Task brief » Give again, exactly as written, each line of the material below starting at the line that contains "オンド コロレ 半袖Tシャツ コットン ネイビー エルメス トップス HERMES" and ending at the line that contains "2023 Maserati Grecale GT". Both ends count, and no other line does.

Records for processing »
▬▬▬▬▬▬
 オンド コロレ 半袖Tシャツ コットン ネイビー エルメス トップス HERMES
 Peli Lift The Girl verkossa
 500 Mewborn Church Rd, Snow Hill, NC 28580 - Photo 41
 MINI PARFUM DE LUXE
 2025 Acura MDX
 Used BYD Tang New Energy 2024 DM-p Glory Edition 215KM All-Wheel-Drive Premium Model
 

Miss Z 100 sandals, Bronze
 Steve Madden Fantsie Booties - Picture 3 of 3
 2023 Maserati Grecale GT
▬▬▬▬▬▬
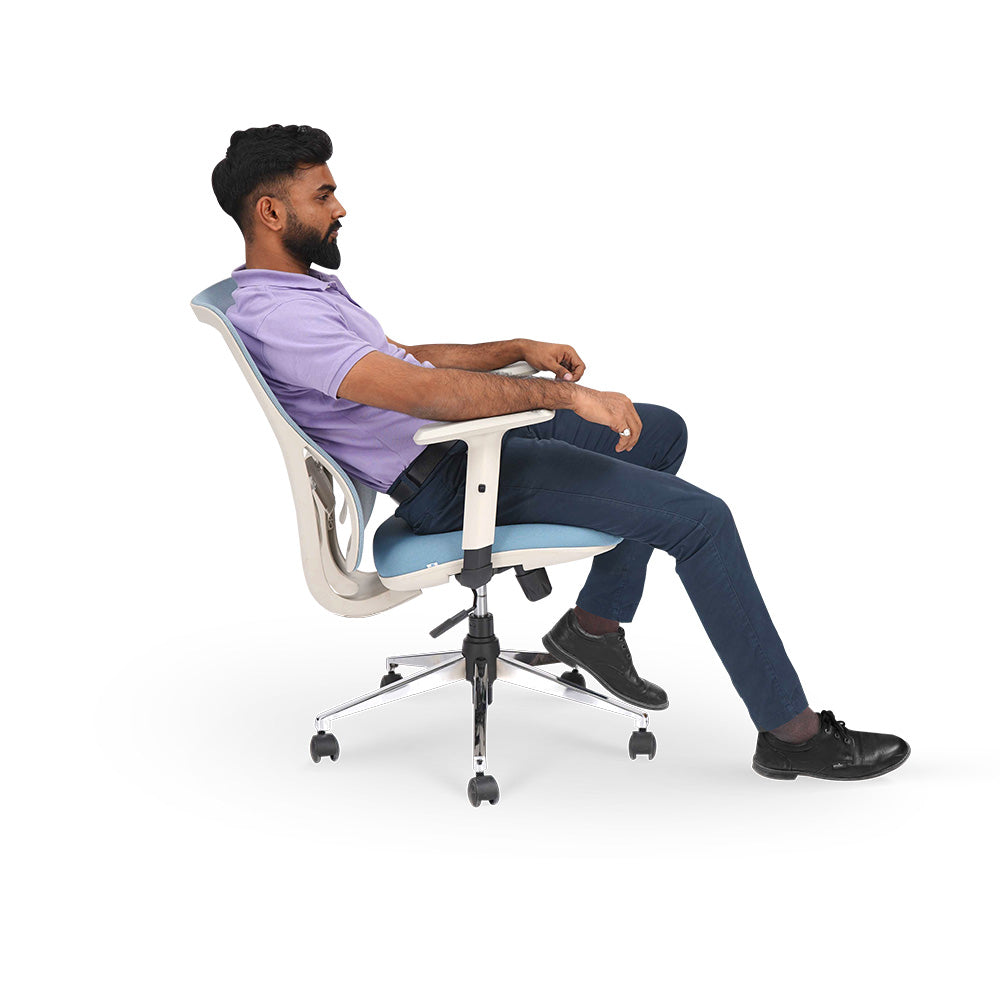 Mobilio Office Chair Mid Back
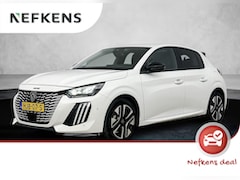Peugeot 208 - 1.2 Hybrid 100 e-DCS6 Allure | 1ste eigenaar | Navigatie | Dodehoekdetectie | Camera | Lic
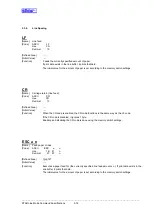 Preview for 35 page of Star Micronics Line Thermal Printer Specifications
▬▬▬▬▬▬
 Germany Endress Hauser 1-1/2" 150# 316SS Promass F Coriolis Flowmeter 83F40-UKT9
▬▬▬▬▬▬
The answer »
 オンド コロレ 半袖Tシャツ コットン ネイビー エルメス トップス HERMES
 Peli Lift The Girl verkossa
 500 Mewborn Church Rd, Snow Hill, NC 28580 - Photo 41
 MINI PARFUM DE LUXE
 2025 Acura MDX
 Used BYD Tang New Energy 2024 DM-p Glory Edition 215KM All-Wheel-Drive Premium Model
 

Miss Z 100 sandals, Bronze
 Steve Madden Fantsie Booties - Picture 3 of 3
 2023 Maserati Grecale GT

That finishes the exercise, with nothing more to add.